Changes to Air Malta work practices shelved for nine years

Kurt Sansone

A number of changes in work practices recommended by an independent report which could have seen an estimated yearly saving of Lm677,000 in Air Malta’s operating costs, were never implemented to the detriment of the airline’s bottom line. The report, commissioned by Air Malta in 1995, was seen by MaltaToday. If the recommendations had been heeded, to date the estimated savings in one section of the airline alone would have totalled around Lm6 million.
The independent report, referred to as the Saunders Report after its author, was a compromise solution reached by the Air Malta management with the GWU on ways and means to change a number of work practices for ground handling and ramp operation staff.

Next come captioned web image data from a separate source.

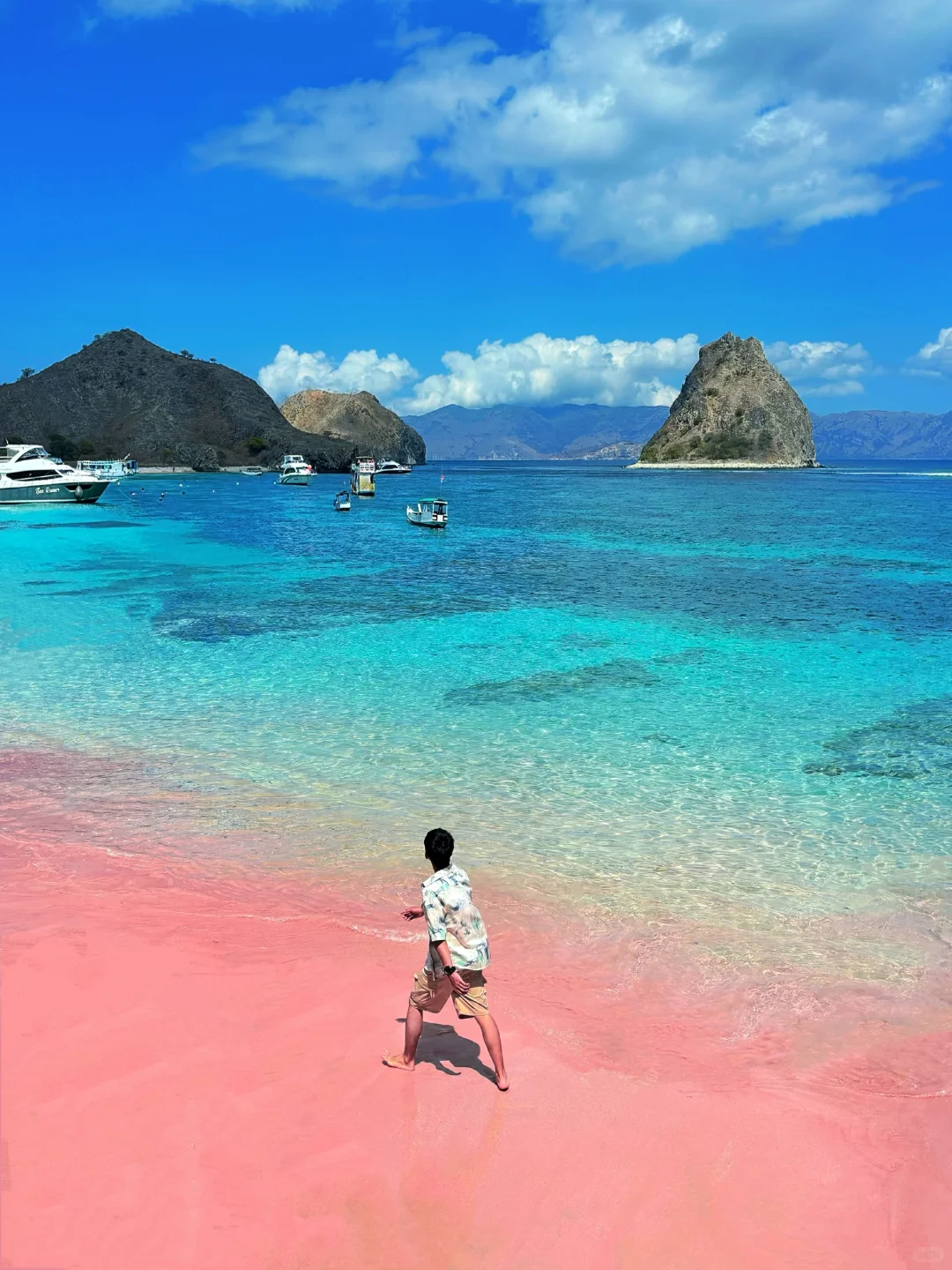 巴厘岛可以不去，科莫多一定要来！！！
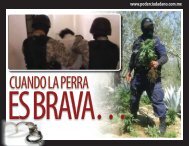 www.poderciudadano.com.mx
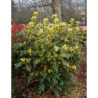 MAHONIA POSPOLITA Mahonia aquifolium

In the Air Malta collective agreement signed two years earlier it was noted that working practices had to be more flexible for the airline to remain efficient and maintain healthy financial results.
In the summer of 1995 Air Malta, then under the chairmanship of Joseph N. Tabone, had decided to go ahead and amend the work practices. Agreement was reached with the GWU to engage a foreign independent expert to evaluate the work practices adopted by ground handling and ramp operation staff and recommend changes.
The report was damning on a number of rigid work practices that saw gangs of six and sometimes seven people deployed on ramp operations irrespective of the workload and type of plane at hand.
Saunders wrote: “The current practice of utilising staff in groups of 6 prevents effective staff utilisation providing inadequate resources on some turnarounds and excess staff on others.” He also observed that with six staff members allocated to each aircraft there was “significant downtime on a number of occasions.”
On the issue of bag offloading, Saunders observed that the staff did not provide regular assistance to the bag make-up team and did not work at aircraft side when required.
“The staffing of the make-up area experienced significant peaks which were not supported by deployment of staff from other areas,” Saunders noted.
Similar comments were made on other areas of operation such as the provision of cleaning and dressing services.
The general tone of the recommendations made by Saunders was to create smaller teams with the flexibility of engaging more staff to work on particular aircraft if the job necessitated so. This also meant a change in shift and roster structures and less rigid job descriptions, which were preventing employees from doing other jobs not strictly in their remit.
The report recommendations, which according to an Investments Ministry official could have saved the airline an estimated Lm6 million to date, were never implemented.
The GWU transport section at the time headed by current Secretary General Tony Zarb, opposed the implementation of the report and when management, put its foot down industrial action ensued. The management had threatened not to proceed with the increments due in April 1996 as agreed in the 1994 collective agreement.
Eventually, government intervened and the increments were given on condition that the implementation of the Saunders Report was taken up by the industrial tribunal. Management and the GWU agreed to abide by any decision handed down by the tribunal.
In August 1996 the Industrial Tribunal decreed that management was correct and thus the ground was laid for the implementation of the Saunders Report.
Two months later the Labour Party won the general election and Louis Grech was appointed chairman. The Saunders Report was shelved and never implemented, not even after the 1998 election that returned a Nationalist administration.
Today, the same work practices identified in 1995 as being inefficient are once again under the spotlight, along with others in different sections of the airline, the difference being Air Malta is now in a much worse shape necessitating urgent action to prevent the national carrier from going under.